Question about Wikipedia statistics page

[Borg]

I have a question about an entry on the following Wikipedia page - tf-idf ( term frequency–inverse document frequency). In the Matematical Details section where they are describing the inverse document frequency as follows:

idf(t, D) = log $\frac{|D|}{|{d \in D : t \in d}|}$

This is my first attempt at Latex so I couldn't figure out how to put the {} symbols around the lower term.

It states that it is common to adjust the the lower term as follows to avoid division by zero:

|{d $\in$ D : t $\in$ d}| → 1 + |{d $\in$ D : t $\in$ d}|

The article then continues on and states "the ratio inside the idf's log function is always greater than or equal to 1". However, if a word appears in every document in the set D, you end up with a log that ends up negative. Shouldn't the value of D be increased by 1 in order for idf (t, D) to always be >= 0?
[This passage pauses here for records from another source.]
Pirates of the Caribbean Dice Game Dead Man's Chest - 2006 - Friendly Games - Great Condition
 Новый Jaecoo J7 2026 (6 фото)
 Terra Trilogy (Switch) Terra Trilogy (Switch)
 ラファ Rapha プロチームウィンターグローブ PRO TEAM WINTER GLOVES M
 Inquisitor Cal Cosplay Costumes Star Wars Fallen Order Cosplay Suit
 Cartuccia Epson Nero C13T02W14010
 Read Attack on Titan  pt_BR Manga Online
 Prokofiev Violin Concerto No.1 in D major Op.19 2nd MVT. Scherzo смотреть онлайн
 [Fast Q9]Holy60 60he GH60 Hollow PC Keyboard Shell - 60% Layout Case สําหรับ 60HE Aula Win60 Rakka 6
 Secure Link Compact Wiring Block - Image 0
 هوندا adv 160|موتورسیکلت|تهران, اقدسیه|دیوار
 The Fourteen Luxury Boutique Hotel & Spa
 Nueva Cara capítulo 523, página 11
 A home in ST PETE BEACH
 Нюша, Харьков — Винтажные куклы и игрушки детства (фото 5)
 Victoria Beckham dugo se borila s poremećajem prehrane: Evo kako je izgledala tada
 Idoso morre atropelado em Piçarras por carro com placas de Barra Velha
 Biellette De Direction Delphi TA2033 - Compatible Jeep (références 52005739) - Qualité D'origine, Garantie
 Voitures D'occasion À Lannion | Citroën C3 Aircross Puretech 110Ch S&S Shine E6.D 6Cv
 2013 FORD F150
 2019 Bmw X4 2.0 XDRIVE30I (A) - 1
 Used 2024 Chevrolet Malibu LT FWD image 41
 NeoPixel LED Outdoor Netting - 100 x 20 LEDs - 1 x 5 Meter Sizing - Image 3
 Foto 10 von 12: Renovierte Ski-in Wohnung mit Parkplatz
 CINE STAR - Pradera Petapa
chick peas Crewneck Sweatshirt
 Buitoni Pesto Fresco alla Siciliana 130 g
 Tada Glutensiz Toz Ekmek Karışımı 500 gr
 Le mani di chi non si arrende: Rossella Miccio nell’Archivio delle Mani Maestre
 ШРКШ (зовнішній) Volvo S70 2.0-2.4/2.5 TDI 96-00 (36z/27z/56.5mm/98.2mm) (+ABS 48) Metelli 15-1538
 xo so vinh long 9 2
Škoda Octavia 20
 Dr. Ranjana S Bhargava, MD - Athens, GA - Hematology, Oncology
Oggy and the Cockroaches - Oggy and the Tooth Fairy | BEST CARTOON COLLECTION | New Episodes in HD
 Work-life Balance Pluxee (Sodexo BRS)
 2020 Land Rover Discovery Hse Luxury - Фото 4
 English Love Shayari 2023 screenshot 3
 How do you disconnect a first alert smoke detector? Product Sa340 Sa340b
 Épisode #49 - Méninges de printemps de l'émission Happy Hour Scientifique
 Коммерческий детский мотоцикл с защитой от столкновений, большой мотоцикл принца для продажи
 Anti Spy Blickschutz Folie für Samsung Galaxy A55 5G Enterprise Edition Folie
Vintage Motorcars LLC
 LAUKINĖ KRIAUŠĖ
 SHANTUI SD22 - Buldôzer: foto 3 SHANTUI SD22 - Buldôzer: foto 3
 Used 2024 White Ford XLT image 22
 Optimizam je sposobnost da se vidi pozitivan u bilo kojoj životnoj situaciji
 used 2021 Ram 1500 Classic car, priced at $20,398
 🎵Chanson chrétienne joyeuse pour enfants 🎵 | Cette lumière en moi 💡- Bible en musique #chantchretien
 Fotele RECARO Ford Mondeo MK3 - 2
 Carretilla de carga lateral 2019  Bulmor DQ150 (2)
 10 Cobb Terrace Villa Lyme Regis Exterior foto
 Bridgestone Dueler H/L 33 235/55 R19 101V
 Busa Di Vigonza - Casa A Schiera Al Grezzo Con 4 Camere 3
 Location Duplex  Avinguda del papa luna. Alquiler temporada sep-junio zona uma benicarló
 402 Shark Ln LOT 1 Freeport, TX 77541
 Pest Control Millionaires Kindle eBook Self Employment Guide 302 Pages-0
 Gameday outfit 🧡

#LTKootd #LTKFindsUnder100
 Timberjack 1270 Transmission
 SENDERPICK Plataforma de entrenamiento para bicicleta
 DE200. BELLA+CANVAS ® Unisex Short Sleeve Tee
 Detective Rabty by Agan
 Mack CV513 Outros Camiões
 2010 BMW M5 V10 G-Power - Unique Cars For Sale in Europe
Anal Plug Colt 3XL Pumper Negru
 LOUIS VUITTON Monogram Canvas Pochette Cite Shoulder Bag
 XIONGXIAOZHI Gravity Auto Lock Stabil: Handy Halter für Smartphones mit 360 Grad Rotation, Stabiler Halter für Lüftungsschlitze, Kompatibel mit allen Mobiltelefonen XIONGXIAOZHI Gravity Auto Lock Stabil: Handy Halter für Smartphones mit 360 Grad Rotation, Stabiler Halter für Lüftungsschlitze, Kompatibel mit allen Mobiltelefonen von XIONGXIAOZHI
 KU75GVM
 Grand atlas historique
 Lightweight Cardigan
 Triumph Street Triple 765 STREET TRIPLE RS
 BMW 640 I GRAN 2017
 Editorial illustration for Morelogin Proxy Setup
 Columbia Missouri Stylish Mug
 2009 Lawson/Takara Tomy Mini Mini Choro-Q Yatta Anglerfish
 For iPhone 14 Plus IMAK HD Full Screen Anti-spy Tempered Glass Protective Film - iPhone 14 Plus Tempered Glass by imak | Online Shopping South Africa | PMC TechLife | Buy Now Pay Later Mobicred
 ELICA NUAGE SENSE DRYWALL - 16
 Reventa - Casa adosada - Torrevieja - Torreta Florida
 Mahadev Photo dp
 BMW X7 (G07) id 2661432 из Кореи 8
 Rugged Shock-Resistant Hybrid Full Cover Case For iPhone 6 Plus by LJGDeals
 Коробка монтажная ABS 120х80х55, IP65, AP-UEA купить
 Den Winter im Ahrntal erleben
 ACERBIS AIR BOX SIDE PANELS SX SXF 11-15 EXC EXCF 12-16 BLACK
I'm thinking that the final formula should look like this:

idf(t, D) = log $\frac{1 + |D|}{1 + |{d \in D : t \in d}|}$

 

[AlephZero]

This is my first attempt at Latex so I couldn't figure out how to put the {} symbols around the lower term.

To get the characters { and }, write \{ and \}.

However, if a word appears in every document in the set D, you end up with a log that ends up negative.

True, but since a word that appears in every document is useless for searching (and so it a word that appears in no documents), it probably doesn't matter much what you do so long as the computer program doesn't crash.

 

[Borg]

To get the characters { and }, write \{ and \}.



True, but since a word that appears in every document is useless for searching (and so it a word that appears in no documents), it probably doesn't matter much what you do so long as the computer program doesn't crash.

Ah, I was looking at it wrong. I get a little mathematically dislexic sometimes. I looked at the original case where the top and bottom were the same and saw that the log of 1 is 0. I then misinterpreted the statement that the bottom is always greater than one, to be the same as saying that the log would be greater than 0 for the new equation. Not true. Thanks!

 

[AlephZero]

Actually, avoiding division by 0 or "log(0)" is probably irrelevant on computers using IEEE-standard floating point arithmetic, since there is a special representation of "infinity" that has the properties you would expect it to have and it doesn't generate any arithmetic errors (e.g. 1.0 / 0.0 = "infinity", "infinity" compares greater than any finite number, log(0.0) = -"infinity", etc.)